Like many of his team, Broccoli brought many years of experience working for the Canadian airframer with him to the new outfit, and this has helped Montreal-based AP to establish itself as something of a specialist on the new long-range jet.
AP is under contract to complete 15 7500s, a significant chunk of the examples of the type on order. Broccoli reckons no other independent completions firm is working on as many of the jets. This has become a self-reinforcing benefit, with increased experience generating ever more business.
“I believe we are the most knowledgeable independent because we’ve touched so many aircraft already on this very young program,” he says. “We’re gaining the experience of how the 75 is built; we’ve seen the evolution of the program, and of course our knowledge base increases.”
The company began working on specs for its first 7500 in 2015: delivery of that aircraft to the customer is expected within weeks, and Broccoli says AP will deliver five jets by year-end.

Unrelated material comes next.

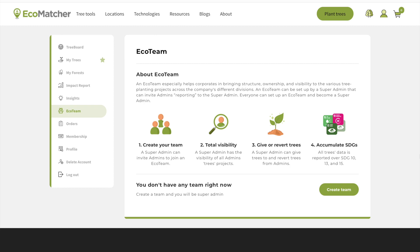A super admin can invite admins to join an EcoTeam, gift trees to admins, and if admins don't use the trees, even revert the trees and redistribute. An admin can run their own EcoMatcher projects, buy trees, and gift trees to employees and customers. A super admin and all admins have complete visibility of all tree projects, offering full transparency.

“The majority of  clients are either flying [Bombardier Global] 6000s, 5000s or competitor airplanes, such as Gulfstream,” he says. “They’re not new to aviation, but some are first-time Bombardier clients. I do have a couple of clients where, while it’s not their first airplane, it’s a big jump from where they’re coming from – like if you’re driving a BMW 3 Series and you’re going to a Bugatti or a Rolls-Royce Phantom.”
Initial discussions focus on agreeing a floor plan, Broccoli says. Even at this stage, customers have one eye on the resale market.

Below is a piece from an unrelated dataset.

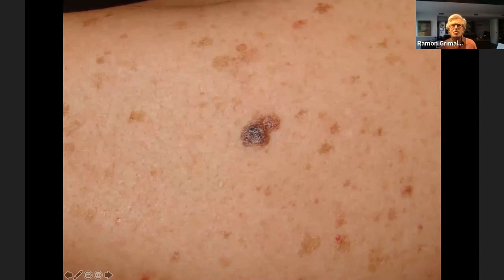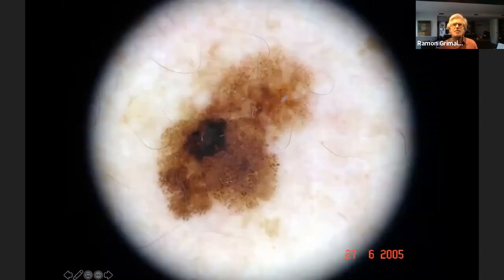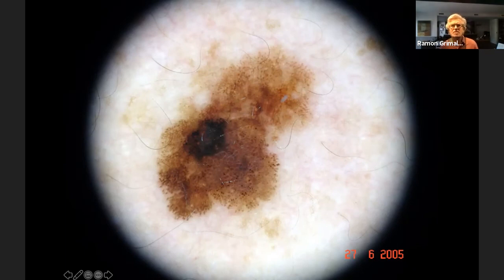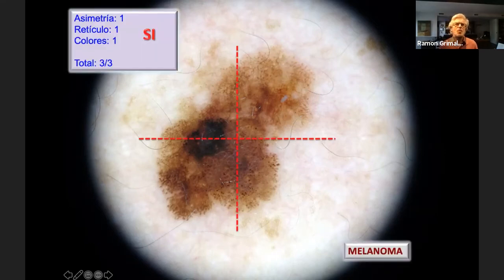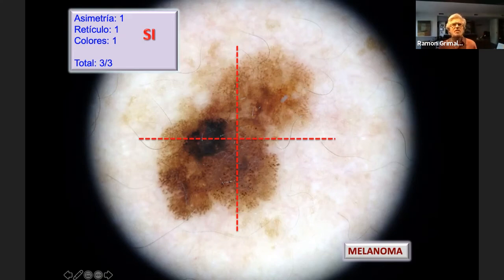Another case on a very solar-exposed child: thinking through the three-point list — is it asymmetrical? Yes. Does it have a strange pattern of network? Yes. Do you see strange colors? Yes, all three are present. It was clearly asymmetrical, with a black dot located on the left of the lesion, different patterns at the top and bottom, and this whitish and bluish coloration — meeting all three points for removal.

“With my repeat clients, I know they change airplanes every four or five years,” he says. “They usually will want to have the airplane while it’s under warranty, then trade it and buy another 75. For them, their floor plan is not something so bizarre that it will be very challenging to find a potential buyer.”
Among these customers, certain options are emerging as constants.

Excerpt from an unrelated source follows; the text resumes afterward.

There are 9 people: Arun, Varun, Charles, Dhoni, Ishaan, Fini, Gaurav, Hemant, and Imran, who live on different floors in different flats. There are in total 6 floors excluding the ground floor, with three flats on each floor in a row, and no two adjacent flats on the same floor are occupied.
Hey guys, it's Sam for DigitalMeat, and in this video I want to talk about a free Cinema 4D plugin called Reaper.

“All my customers have a stateroom,” Broccoli says. “A shower has a high pick rate: if you don’t have it, it’s not a deal-breaker. Maybe 50% have a shower. Then you have cultural aspects, which bring another twist to the equation. My Middle Eastern clients might have different requirements from my Asian clients. Some of my European clients might want a bidet in the lavatory, while the North American customers don’t go for that.
“There’s no right or wrong answer,” he adds. “These are details that come after the floor plan. But it takes time to get to them, so it’s an expensive process, and to finalize a package takes about a year and a half.”